Pretty VIOLA BARRY was born as Gladys Viola Wilson on March 5, 1894, in Evanston, Illinois, to Jackson Stitt Wilson and Emma Agnew Wilson, second of their two daughters. J. Stitt Wilson was a well-known minister and lecturer, most famously serving as the mayor of Berkeley, California, in 1911 as a socialist.
Barry’s attraction to the stage hit early, although she does not have the same poverty-driven career path that many of her peers did. Gladys Wilson changed her name to Viola Barry at the early age of twelve and stepped into the footlights. She became famous quickly after a tour of England that featured her in some of Shakespeare’s famous heroine roles – Viola, Juliet, and Portia – before she was sixteen. Her father was conveniently touring Europe at the same time on a lecture series. In 1910, she joined the West Coast Belascos in “The Test,” and her career continued to thrive.
In 1911, while performing “Is Matrimony a Failure?” for the Burbank Theater Stock Company, she eloped with Jack Conway, a moving pictures actor. She was barely eighteen. His career evidently influenced her; as early as 1911, her name was being used in Selig advertising. She and Conway worked together in over a dozen short westerns. Barry then worked during 1912 for Nestor, and then moved to Biograph in 1913. She made at least six films for D.W. Griffith during that spring and summer in California. She changed film companies almost yearly, moving in 1914 to Bosworth, then to Triangle/Fine Arts in 1916.
Viola Barry was a talented and striking young woman. Her films needed little padding or fluff other than her name – she had drawing power. In an interview in 1913, an enraptured reporter described her as “an attractive young woman with an abundance of fair hair, eyes of deepest blue and a short upper lip that is distracting to the opposite sex.” (The reporter was female.)
Her marriage to Conway had crumbled by 1918, after having two children – Rosemary and Virginia. Conway went on to marry Virginia Bushman, Francis X. Bushman’s daughter. In 1920, Barry was named as a correspondent in the divorce suit of Frank McGrew Willis by his first wife Marie. Mrs. Willis further charged that little Virginia Conway was actually her husband’s child. Barry, ever a minister’s daughter, struck back vehemently and publicly: “Mrs. Willis accuses me of living with her husband,” she told reporters. “I was not the one who broke up her home. It was broken up when I first met them.” And Virginia was three years old, not two as charged, born before Barry had even met the Willises.

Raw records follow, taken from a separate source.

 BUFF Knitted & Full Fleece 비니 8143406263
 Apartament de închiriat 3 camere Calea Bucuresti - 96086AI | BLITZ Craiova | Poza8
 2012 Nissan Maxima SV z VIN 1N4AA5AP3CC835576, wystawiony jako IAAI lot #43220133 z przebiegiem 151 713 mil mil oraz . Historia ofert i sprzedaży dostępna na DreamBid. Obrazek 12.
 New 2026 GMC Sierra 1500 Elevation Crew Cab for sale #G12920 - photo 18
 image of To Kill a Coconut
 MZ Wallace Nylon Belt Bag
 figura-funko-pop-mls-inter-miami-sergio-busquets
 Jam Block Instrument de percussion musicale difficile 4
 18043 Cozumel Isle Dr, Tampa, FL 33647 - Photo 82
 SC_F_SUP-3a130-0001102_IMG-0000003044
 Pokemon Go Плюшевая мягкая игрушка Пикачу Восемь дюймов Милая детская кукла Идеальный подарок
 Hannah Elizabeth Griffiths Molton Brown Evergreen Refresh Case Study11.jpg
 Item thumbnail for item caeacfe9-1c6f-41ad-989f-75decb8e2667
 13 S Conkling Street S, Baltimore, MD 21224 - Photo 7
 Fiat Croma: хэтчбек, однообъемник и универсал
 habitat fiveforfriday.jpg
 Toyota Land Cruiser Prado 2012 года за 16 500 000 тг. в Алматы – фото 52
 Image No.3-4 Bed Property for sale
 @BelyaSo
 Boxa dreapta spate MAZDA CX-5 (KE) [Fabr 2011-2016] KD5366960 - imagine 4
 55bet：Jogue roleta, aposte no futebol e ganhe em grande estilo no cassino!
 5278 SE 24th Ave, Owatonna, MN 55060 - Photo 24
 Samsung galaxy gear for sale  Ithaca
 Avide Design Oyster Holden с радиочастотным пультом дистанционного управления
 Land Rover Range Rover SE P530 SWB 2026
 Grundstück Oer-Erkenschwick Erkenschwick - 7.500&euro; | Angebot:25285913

However, despite the accusations and whatever the truths, Barry married F. McGrew Willis in 1921. He was a prominent screenwriter who worked for Fox during the 1920s. After his retirement and during World War II, he helped to implement the Voice of America radio broadcasts. He and Barry had three children – Gloria, McGrew Jr., and James.
Barry’s film work was understandably reduced to character parts and bits while she raised five children. Her last role was in 1932. She was so far removed from the screen that in 1941 the Oakland Tribune reminisced about her “…Viola Barry, whose name has been completely lost in film records.” Barry’s daughter Rosemary Foster Martin became well known as a screenwriter. Barry’s sister Violette Stitt Wilson married director Irving Pichel after a moderate film career of her own. F. McGrew Willis died in 1957, and Viola Barry Willis died on April 3, 1964. She and her family are buried at the Mountain View Cemetery in Oakland, California.
Viola Barry’s name has been confused with that of Peggy Pearce in several sources. They were not related, and they indeed were two separate people.
SOURCES:
“J. Wilson Stitt,” Oakland Tribune, 13 February 1910.
Los Angeles Times, 24 November 1910, p. I 16.
“No Failure for Them,” Los Angeles Times, 27 February 1911, p. II 3.
Bonnie Glessner, “Sea Wolf in Controversy,” Los Angeles Times, 21 August 1913, p. III 1.
“Husband’s Baby Not Hers?” Los Angeles Times, 11 December 1920, p. II 3.
“Says Baby is Legitimate,” Los Angeles Times, 12 December 1920, p. I 4.
1930 U.S. Census, Beverly Hills, Los Angeles, California.
Oakland Tribune, 25 March 1941, p. 11.
“Rites Held for Star of Silent Films,” Los Angeles Times, 7 April 1964, p. 32.